- Most likely outcome is swap for longer dated notes: sources
- Dollar bond talks would follow June deal with local creditors
Usiminas is exploring a plan to push out maturities on its dollar bonds as part of the Brazilian steelmaker’s broader debt restructuring after prices and demand slumped, people with knowledge of the matter said.
The Belo Horizonte-based company will offer holders different options to restructure $180 million in notes due 2018, said the people, who asked not to be named because talks are private. The most likely outcome is to swap the notes for longer dated bonds without an explicit haircut, the people said. For now, it’s not offering to buy back the notes, they said.
The dollar-bond proposal follows a June accord with local creditors -- including Itau Unibanco Holding SA, Banco Bradesco SA, Banco do Brasil SA and BNDES -- that gave Usiminas 10 years to pay back debt accounting for 75 percent of the total it’s renegotiating. BNDES confirmed it was extending Usiminas’ 120-day credit standstill after the steelmaker completed a 1 billion-real capital increase.
Usiminas’s press office didn’t return e-mails and calls seeking comment on the dollar-debt negotiations.

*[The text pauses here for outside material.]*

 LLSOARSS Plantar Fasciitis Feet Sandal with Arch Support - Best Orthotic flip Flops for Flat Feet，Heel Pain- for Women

The 2018 notes slumped to as low as 27.5 cents on the dollar in February when Brazil’s recession choked off demand for steel, thwarting Usiminas’s efforts to cut leverage. Since then, the bonds have recovered to 86 cents.
Nippon Steel & Sumitomo Metal Corp. and Techint Group, which control Usiminas through a shareholder pact, have been engaged in a long-running battle over how to run the company formally known as Usinas Siderurgicas de Minas Gerais SA.